Fife-based whisky hunters launch quest for rare wooden casks

Cask brokerage launched to flush out ‘dormant’ rare whisky casks

Dunfermline-headquartered whisky analyst, broker and investment expert Rare Whisky 101 (RW101) as launched a new bespoke cask brokerage service to meet increased demand from global whisky enthusiasts seeking rare whisky still held in wood.
Over the past 12 months, RW101 says it has brokered more than 20,000 rare whisky bottles around the globe. Now, with demand for Scotland’s rare liquid gold showing no signs of abating, the world’s leading whisky hunters are casting the net wider to include dormant casks, which could be worth, more than £100,000 each based on average values brokered by RW101.
RW101 claims it has already brokered casks (barrels, hogsheads and butts) from a range of iconic brands including Ardbeg, Laphroaig, Macallan, Highland Park, Rosebank and Springbank.
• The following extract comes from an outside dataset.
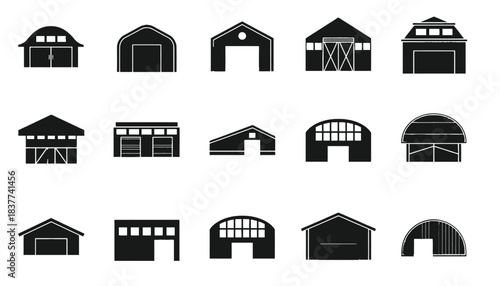 A collection of diverse building silhouettes, showcasing various architectural styles of barns, garages, and industrial structures.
These rare wooden treasures, if bottled at cask strength, would fill 13,576 bottles worth a total of £3.574m.
Prices have ranged from £2,500 per cask to over £500,000, with an average cask price of £132,000. RW101 believes there may be some casks in existence which, if they came up for sale, could fetch well over £1m each.
By launching this new service, RW101 aims to attract owners of casks of rare whisky, which are most likely lying dormant in Scotland’s bonded warehouses, who may be looking to liquidate their stocks.
Whisky investment expert and co-founder of Rare Whisky 101 David Robertson said: “While we have always advised our customers against buying casks filled with ‘new-make spirit’, we believe that the market for older casks of high quality liquid from top tier distilleries will continue to go from strength to strength.
“RW101 has already seen an increased demand for quality casks from our more sophisticated clients be they connoisseurs, collectors or investors so it made sense to introduce a more formal cask brokerage service.
“We’re particularly keen to hear from any cask owners who may have either inherited old casks or acquired and then left them in storage. Given the booming global demand for rare whisky, these owners could be sitting on a very tidy profit.”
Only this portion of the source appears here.